Biz de basından takip ettik. İfade etmek gerekir, yayınlanan haberlerde AK Parti’nin Muğla’daki genişletilmiş il danışma toplantısında dile gelen sözler, yalnızca bir siyasetçinin serzenişi değil. AK Parti Muğla Milletvekili Kadem Mete’nin kamuoyunun ve basının önünde, “Böyle teşkilatçılık olmaz, kafamı kuma gömmeyeceğim” çıkışı; Muğla’nın ötesinde, bir siyasi partideki iç işleyiş, temsil hiyerarşisi ve iletişim pratiğine dair dikkat çekici bir tabloyu gözler önüne serdi.
Bu siyasette ender görülen türden bir açıklama. Parti disipliniyle tanınan bir yapının içerisinden, bir milletvekilinin teşkilat başkanına yönelik doğrudan eleştirisi… Üstelik gözlerden uzak değil, kalabalık bir salonda, partililerin önünde. Ve daha önemlisi, kamuoyuna ve basına açık biçimde.
Mete’nin öfkesinin hedefinde, AK Parti Muğla İl Başkanı Haluk Laçin’in bakanlıklarla gerçekleştirdiği temasların milletvekillerinden gizli yürütülmesi var. Bu, teknik bir programlama meselesinden öte; siyasi nezaketin, temsil hiyerarşisinin ve ortak akıl arayışının nasıl rafa kaldırıldığına dair bir anlatı.

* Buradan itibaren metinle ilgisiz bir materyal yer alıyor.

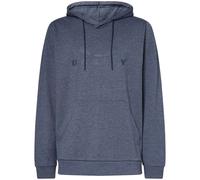 OAKLEY Bark Fleece Hoodie - Hombre - Gris - talla M- modelo 2026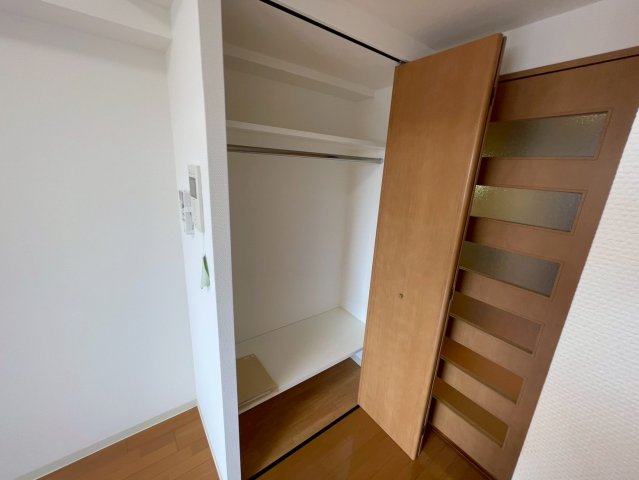 収納　リアライズ代官町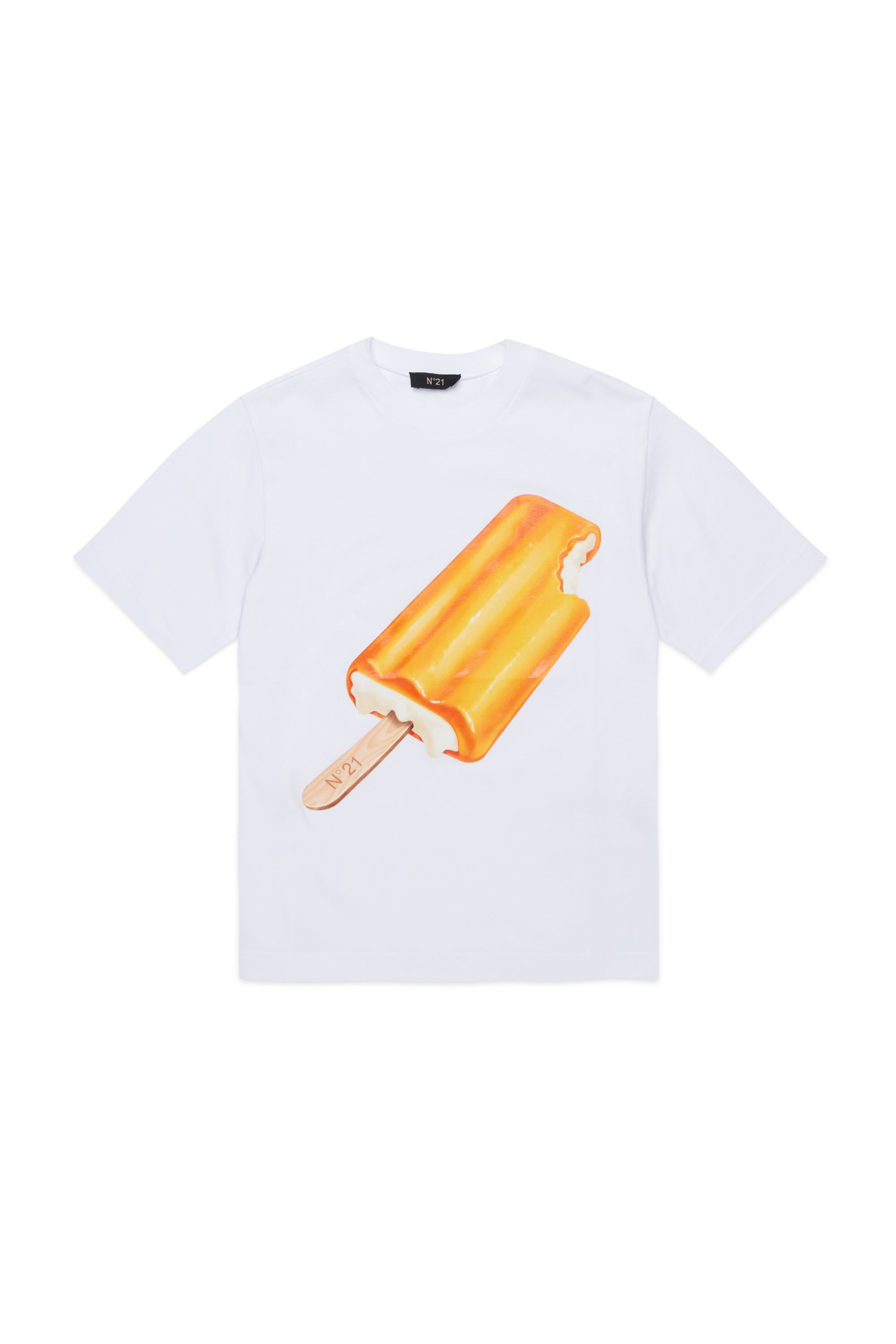 T-Shirt con gelato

Kadem Mete, açıklamasında AK Parti’nin klasik teşkilat yapısını yeniden tarif ediyor: “İl başkanı ilin patronudur. Milletvekilleri de ona tabidir.” Ancak Mete, hemen ardından bu yapının işleyişinde istişarenin eksik kaldığını, bilgilerin paylaşılmadığını, hatta siyasi katkı olanaklarının dışlandığını vurguluyor. Bu bir çelişki değil, aksine siyasi merkezin nasıl bir mekanizma kurduğunu, ancak bu mekanizmanın yerelde nasıl işlemediğini gösteriyor.
Mete’nin anlatısında geçen örnekler aynı bakanla ardışık günlerde ama habersiz yapılan ziyaretler, ortak gündemin bölünmesi, temsil krizleri aslında sadece AK Parti’nin değil, birçok partinin yerel-genel yapısında görülen kronik sorunlara işaret ediyor. Görünürde güçlü olan teşkilatlar, içeriden zayıfladığında temsil zeminini kaybedebiliyor.
Milletvekili Mete’nin belki de açıklamanın en sarsıcı bölümü, teşkilat içinde bir tür “korku iklimi”nden söz edilen kısmı. “Hiçbir ilçe başkanı Ankara’ya gelemedi. Davet ettim, gelmediler. Birilerinden korkuyorlar” diyen Mete, sorunun yalnızca Haluk Laçin ile sınırlı olmadığını, yapısal bir sindirme ve çekinme haliyle karşı karşıya olduklarını ima etti.
Kadem Mete, bu tespitiyle kimi kast etti?
Mete’nin “Siyaset cesur adamların işidir” cümlesi, salonu alkışa boğmuş olabilir. Ancak bu söz, aynı zamanda bir çağrının ya da sitemin değil, yalnız bırakılma duygusunun da izini taşıyor olabilir.
Kadem Mete’nin açıklamasında Cumhurbaşkanı’na bağlılık, istikrarlı biçimde yineleniyor. Teşkilat şeması, Recep Tayyip Erdoğan’a ulaşan dikey bir çizgiyle tanımlanıyor. Ancak bu sadakat zincirinin ara halkaları kırıldığında, merkezi yapıdan gelen siyasi sinyallerin teşkilatlara nasıl yansıdığı sorusu da tartışmalı hale geliyor. Siyasi partiler, yalnızca yukarıdan aşağıya işleyen yapılardan ibaret değildir. Aşağıdan gelen bilgi, katkı ve itirazların da sistemli biçimde işlenebildiği yapılara ihtiyaç duyar. Kadem Mete’nin konuşması, işte tam da bu çift yönlü işleyişin işlemediğine dair bir işaret.
Muğla’da yaşanan bu durum, yalnızca yerel bir gerilim midir? Yoksa parti içi güç denklemlerinin sahaya yansıyan belirtilerinden biri midir?
AK Parti, 20 yılı aşan iktidarında en çok da uyumlu teşkilat yapısıyla tanındı. Ancak bu uyumun, zaman zaman sessizlikle karıştırıldığı anlar da oldu. Kadem Mete’nin konuşması, bu sessizliğin taşırdığı bir an gibi okunabilir. Kadem Mete’nin çıkışı, bir kırılma anı mıdır, yoksa sadece geçici bir sitem mi? Bu sorunun yanıtı, belki de Muğla’daki teşkilat yapısının alacağı yeni şekil kadar, genel merkezde bu tür çıkışlara nasıl yanıt verildiğiyle de belirlenecek.
Bir tespitle bitirelim.
Ak Parti Muğla İl Başkanı Haluk Laçin, Sağlık Bakanı Prof. Dr. Kemal Memişoğlu’na gerçekleştirdiği ziyarette Muğla’daki devlet hastanelerinde eksikliği hissedilen tıbbi cihazlara dair İl Sağlık Müdürlüğü tarafından hazırlanan listeyi bakana sunmuş. Ancak ziyaret sonrasında yapılan teşekkür açıklamasında milletvekillerine yer verilmemesi, teşkilat içi uyumsuzluğu adeta belgelemiş durumda.